:: About this exercise ::
Would you print every entry below exactly as written, omitting the images?

Pictures with short captions

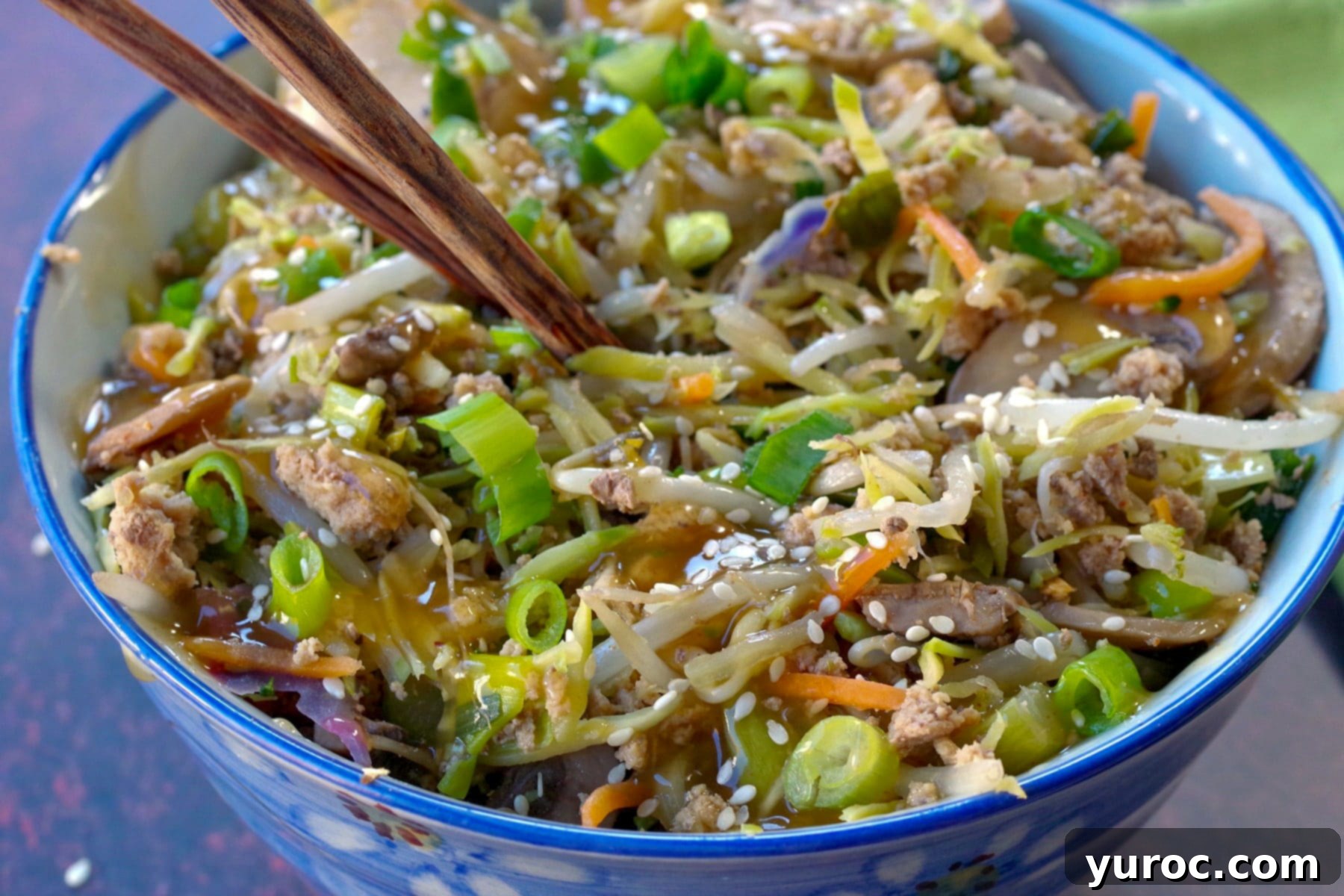 Close up of egg roll in a blue bowl with chopsticks inside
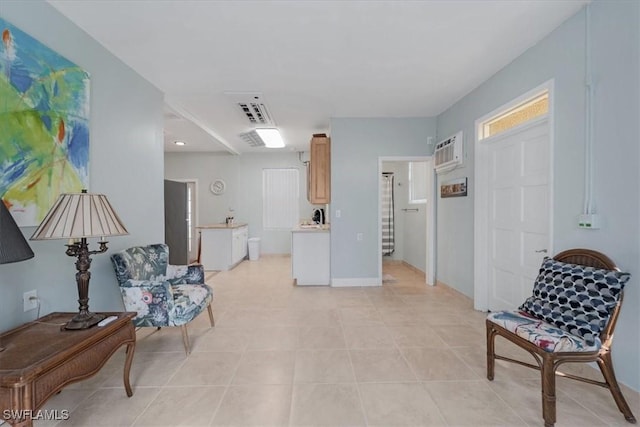 living area featuring light tile patterned flooring, a wall unit AC, and baseboards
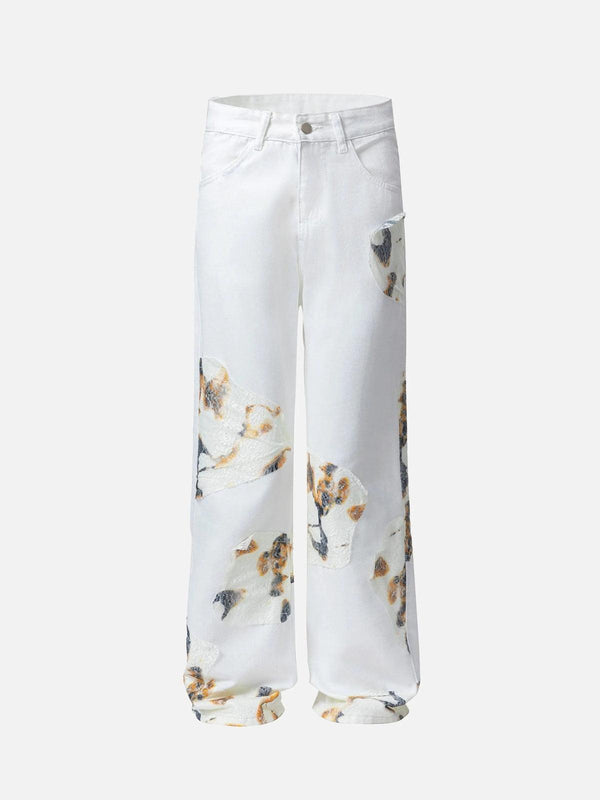 Front view of white patch jeans by TALISHKO, showcasing a trendy street-inspired design.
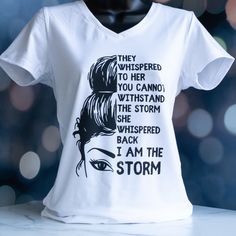 "Empower yourself or the women in your life with this beautiful tee! This shirt features a woman's striking stare and an inspiring quote - \"They whispered to her you cannot handle the storm. She whispered back I am the storm.\" I have had some really difficult years lately and felt so empowered by this design! I wanted to make sure to pair it with an equally strong font to give her message some additional fierceness. Empower yourself or the queens in your life by treating them to this inspiring They Whispered To Her You Cannot, Shirt Quotes Inspirational, Plus Size Shirts For Women, She Whispered, Strong Font, Gifts For Best Friend, Children Quotes, Girl Trip, I Am The Storm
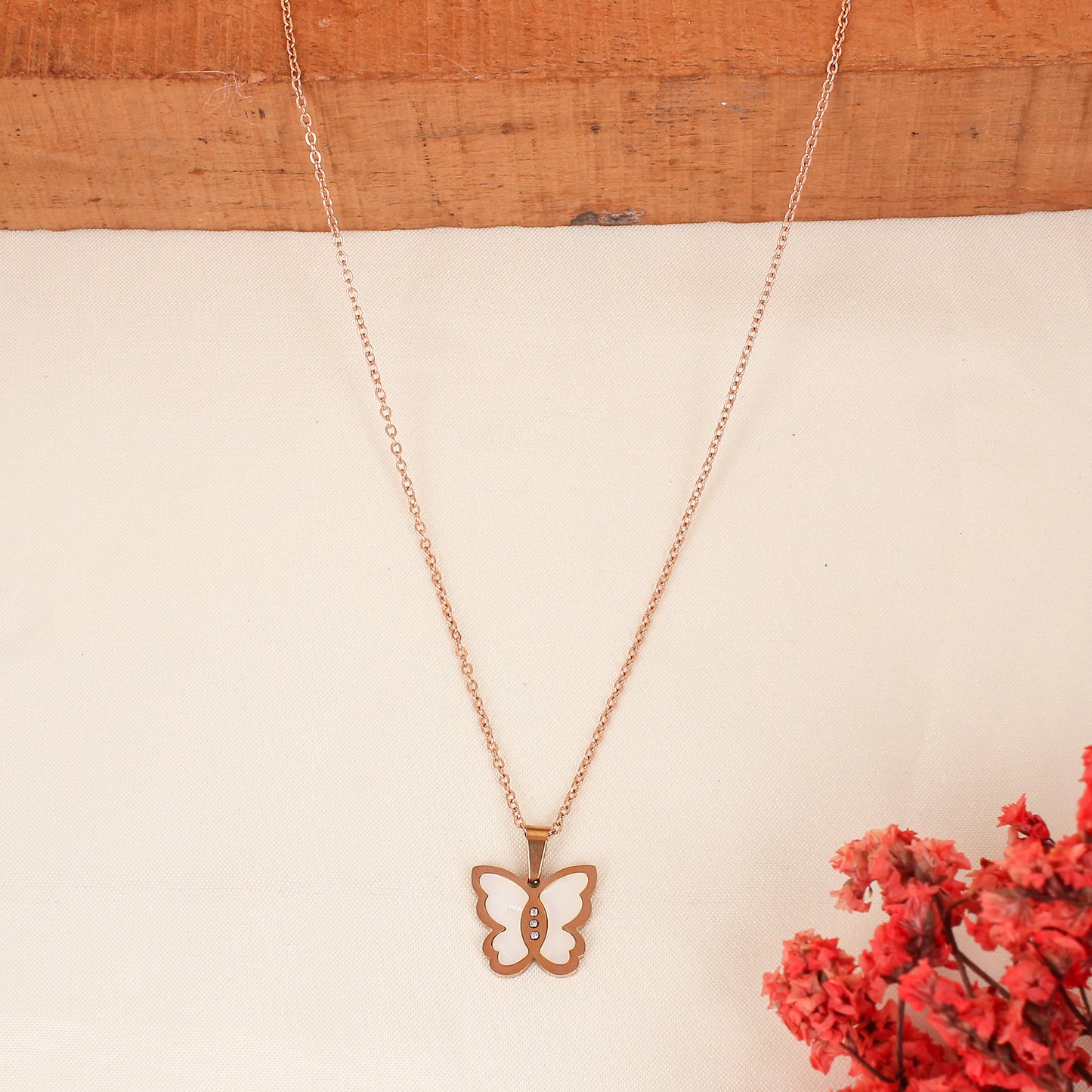 CKLAKART's Rose Gold Toned Necklace with Butterfly Pendant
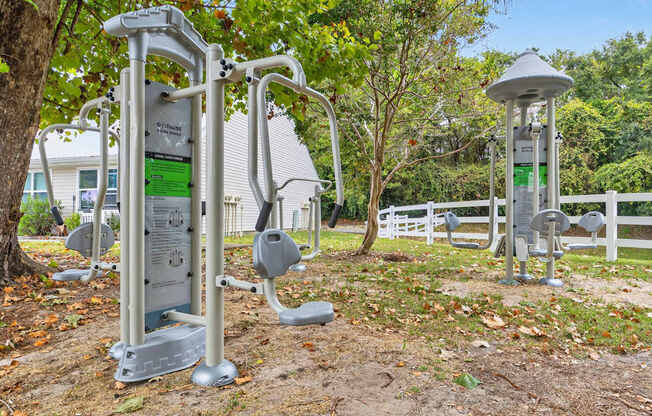 A set of outdoor exercise equipment is located in a park.at Lofts of Wilmington, Wilmington, North Carolina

:: Result of the exercise ::
 Close up of egg roll in a blue bowl with chopsticks inside
 living area featuring light tile patterned flooring, a wall unit AC, and baseboards
 Front view of white patch jeans by TALISHKO, showcasing a trendy street-inspired design.
 "Empower yourself or the women in your life with this beautiful tee! This shirt features a woman's striking stare and an inspiring quote - \"They whispered to her you cannot handle the storm. She whispered back I am the storm.\" I have had some really difficult years lately and felt so empowered by this design! I wanted to make sure to pair it with an equally strong font to give her message some additional fierceness. Empower yourself or the queens in your life by treating them to this inspiring They Whispered To Her You Cannot, Shirt Quotes Inspirational, Plus Size Shirts For Women, She Whispered, Strong Font, Gifts For Best Friend, Children Quotes, Girl Trip, I Am The Storm
 CKLAKART's Rose Gold Toned Necklace with Butterfly Pendant
 A set of outdoor exercise equipment is located in a park.at Lofts of Wilmington, Wilmington, North Carolina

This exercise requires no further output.